### [What to do]
Copy each line of the data below with the word "Safari".

### [Supplied information]
=== Section Start ===
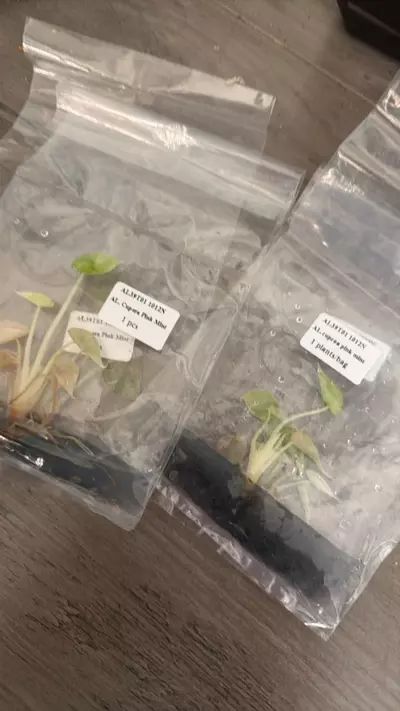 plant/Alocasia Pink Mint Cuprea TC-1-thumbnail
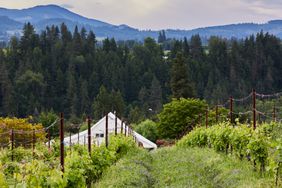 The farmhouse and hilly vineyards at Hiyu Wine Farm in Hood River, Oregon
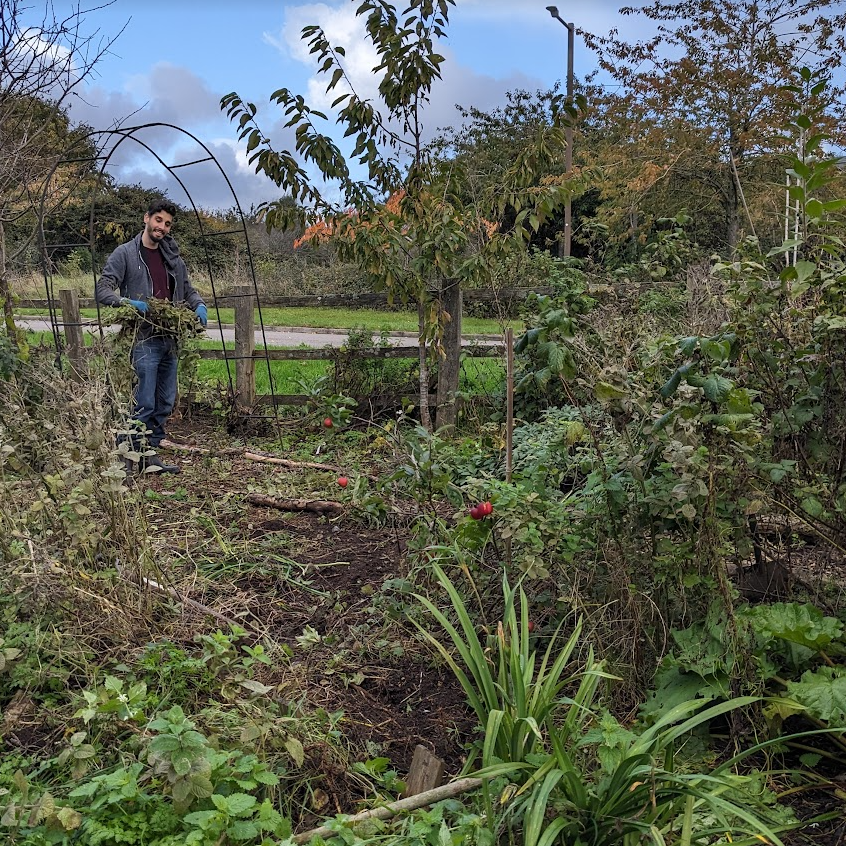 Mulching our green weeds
=== Section End ===
=== Section Start ===
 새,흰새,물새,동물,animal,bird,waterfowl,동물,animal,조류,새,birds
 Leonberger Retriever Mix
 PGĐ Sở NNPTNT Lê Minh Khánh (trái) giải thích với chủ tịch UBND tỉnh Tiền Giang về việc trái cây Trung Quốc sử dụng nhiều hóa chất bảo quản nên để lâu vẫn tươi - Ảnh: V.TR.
=== Section End ===
=== Section Start ===
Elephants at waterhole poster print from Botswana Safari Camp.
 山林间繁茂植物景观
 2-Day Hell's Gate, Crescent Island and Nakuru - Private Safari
=== Section End ===
### [Exercise solution]
Elephants at waterhole poster print from Botswana Safari Camp.
 2-Day Hell's Gate, Crescent Island and Nakuru - Private Safari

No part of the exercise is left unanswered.